Now a funny bit happened – the monastery underwhelmed me. I’d expected more grandeur from one so famous. Back at the hotel, I looked up the monastery on Google. I found something different to what I saw. I became glum, thinking I’d not seen the actual monastery, perhaps seen the outer wing & now I can’t even go back. But then I looked at the pictures closely. I realized that the open-air courtyard that I saw in the photos was currently covered with tarpaulin for the two-month long Kangyur Oral Transmission. & that’s why it looked different. Attention to detail madam!
But what is worth gaping at here are the lifelike frescoes. Walls after walls are lined with beautiful, vivid paintings from Buddhist mythology. I wondered at the preservation effort that would have gone into this. And for someone as inartistic as I’m, the frescoes were an epitome of creativity and finesse.
A word of caution about Rumtek Monastery though – it’s a long climb to get there. Vehicles are prohibited. Therefore, ensure you really have the willingness to visit the monastery; else you may feel cheated.
I loved the monks & nuns there. They were the embodiment of happiness & contentment. Easy with their smiles & eager to pose – they were any photographer’s delight. But do ask before clicking!
By the end of this, I was exhausted & desperately wanted my bed. I’d an early start the next day too, to catch my flight from Bagdogra. I wanted to attempt the Kanchenjunga again & hoped the clouds would give way. My wishes were to come true.
When we started the next morning, the clouds parted just enough for me to capture the peak. I thanked the Almighty. Subconsciously, I’ve begun to be grateful for my blessings. I strive to see the positive in everything.
I dreaded returning to Delhi NCR because of the pollution there but I knew I’d to go back to be able to step out again. I love the Himalayas; Sikkim, with its cleanliness, discipline, simplicity & friendliness, appealed a lot to me. I can’t wait to return there for a longer trip. & I’m pleased as punch that the new airport is opening soon in Pakyong which will make Sikkim more accessible. So long Sikkim! You were good to this solo woman traveler.
To end the blog, for the women hesitating to take that solo trip, my top tips:
- If it’s your first trip or if you’re anxious, go with a travel agency who’ll take care of all your needs. Even among those, opt for the bigger names; credibility will be a nonissue then.
- Choose an easy destination to begin with. Don’t make it Ladakh or Spiti at the first instance. These are difficult terrains & going in company (or at least if you’re a seasoned traveler) will be better.
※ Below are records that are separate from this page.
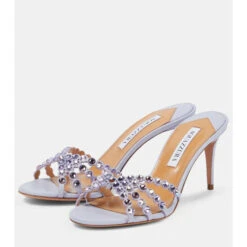 Aquazzura Tequila 75 Embellished Leather Mules 5 Aquazzura Tequila 75 Embellished Leather Mules -Aquazzura Shop unnamed file 603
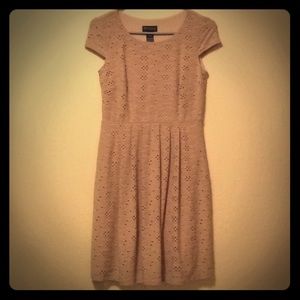 Cap sleeve dress
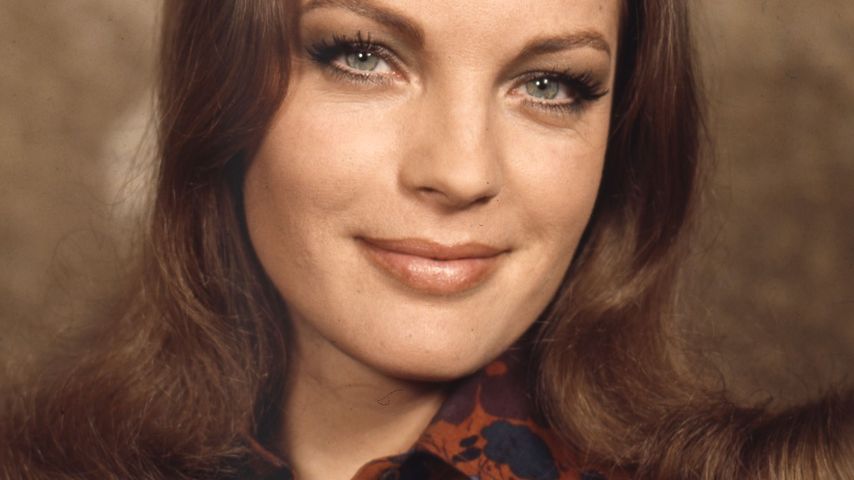 Schauspielerin Romy Schneider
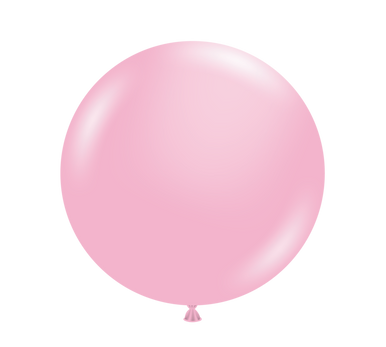 tuf tex balloons baby pink 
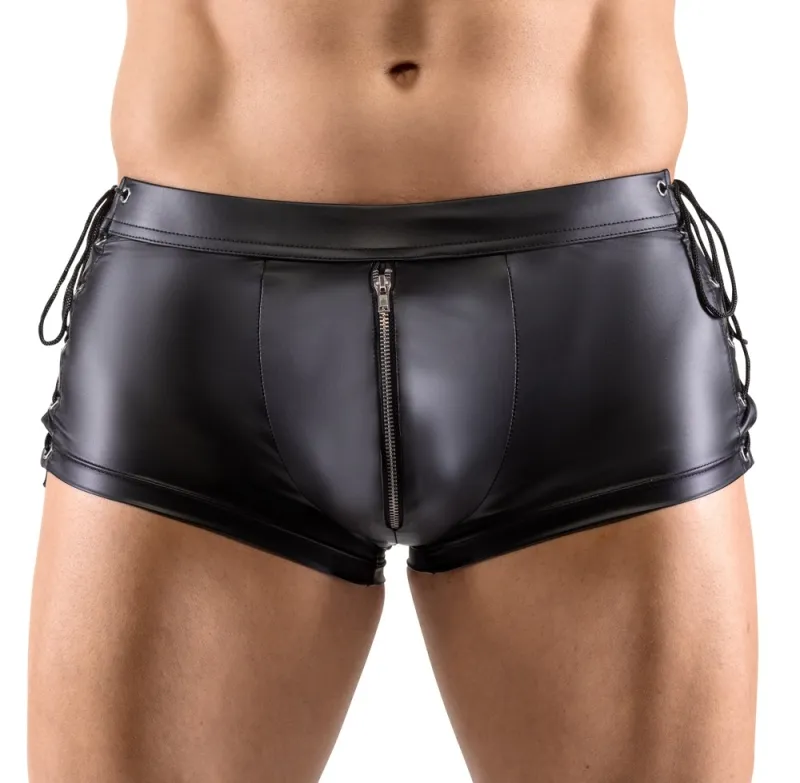 Boxer sexy à cordons VENIO Noir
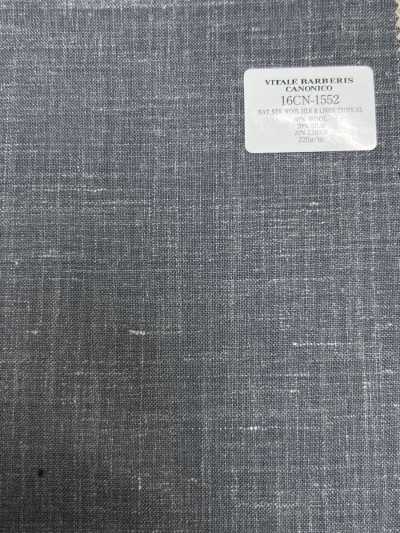 16CN1552 26SS VBC ヴィターレ・バルベリス・カノニコ SUPERSONIC NATURAL STRETCH  WOOL SILK & LINEN TROPICAL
Ensure mobile connectivity isn’t a concern; the last thing you would want’s you being stranded & your folks worried to death.
- Don’t hesitate to demand changes to the itinerary, flights, hotels, cabs, transfers etc. if you’re spending money on it, it better be according to your taste.
- Enjoy your alone time. Don’t feel awkward in sightseeing alone, eating alone etc. the world’s becoming more receptive to solo travelers.
- Ensure you stay alert at all times even when you’re having fun. Trust your instinct! At the same time, don’t hesitate to talk to locals.
- Prepare yourself for surprised remarks. My cabbie, KN, remarked “Madam ji, you’re a brave girl. You’ve done something that only boys do!”